Скорцени подошел к бару и открыв его, достал рюмку. Плеснул в нее коньяк. Вопреки обыкновению выпил залпом, даже не почувствовав вкуса. Потом снова закурил сигарету. Что они сделали с ней, когда он уехал? Жива ли она еще? Ведь он намекнул Габелю, чтоб обращались осторожнее… Но Габель — это Габель. Он вполне мог и не понять, про что ему говорят…
«Когда-нибудь она будет моей…»— в мальчишеской запальчивости выкрикнул он Понтеру почти что десять лет назад. Сказал и забыл… Сам забыл. А теперь… Вот, кажется, и пробил час… Нет, конечно же, не влюбиться в нее, об этом не может быть и речи. Это даже смешно для него — влюбиться. Когда он дал присягу, с сантиментами было покончено навсегда. Но что-то он должен сделать теперь. Тем более что помочь ей — вполне в его власти ныне. Кто, если не он?
«— Как Ваше имя? — спросил он у нее.
— Маренн…»
Маренн, Мари…
— Господин оберштурмбаннфюрер, фрейлейн фон Блюхер на проводе…
— Что? — голос Рауха прервал его размышления.
— Анна фон Блюхер, герр оберштурмбаннфюрер…
— Не соединяй меня, Фриц, — поморщился Скорцени. — Скажи, что меня нет.
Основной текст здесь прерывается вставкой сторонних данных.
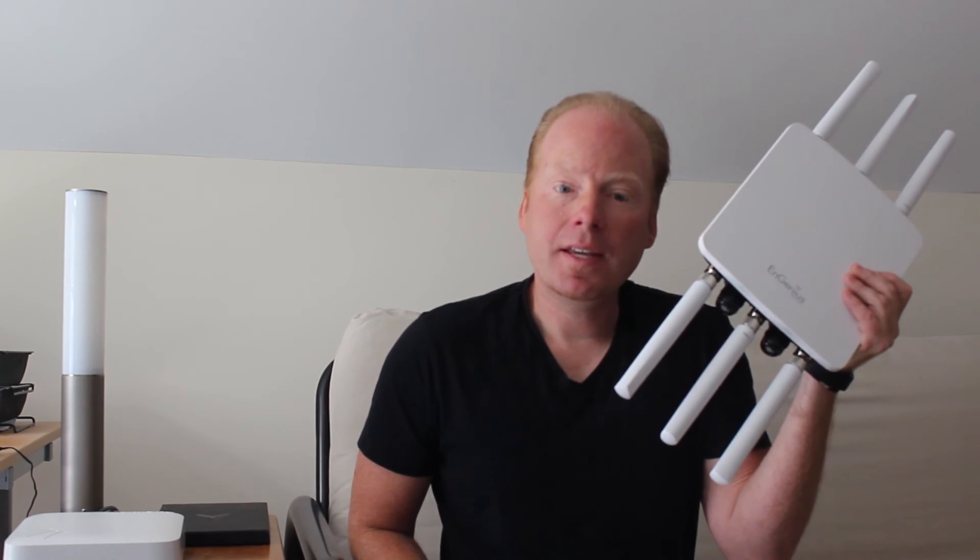The ENH 1750 EXT has a mesh mode so you can easily extend your outdoor coverage by adding additional ENH 1750 EXT units. The ENH 1750 EXT ships with an 802.3 AT compliant injector and power supply. It also features PoE out on the second ethernet port to power an IP camera or other device.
И очень долго не будет.
Потом взглянув на адъютанта, с трудом скрывавшего удивление, попросил: — Оставь меня сейчас. Не соединяй ни с кем, кроме Шелленберга или Науйокса, и, разумеется, выше. Мне нужно побыть одному.
— Слушаюсь.
Дверь в приемную закрылась — Раух ушел. Сквозь сигаретный дым в глухой ночи десятилетней давности он снова и снова видел ее глаза того неуловимо-непостоянного, как морская рябь, цвета, который у нее на родине, в Южной Франции, моряки Марселя называют поэтичным словом «turquoise». Как помочь ей? Как вырвать ее у Мюллера?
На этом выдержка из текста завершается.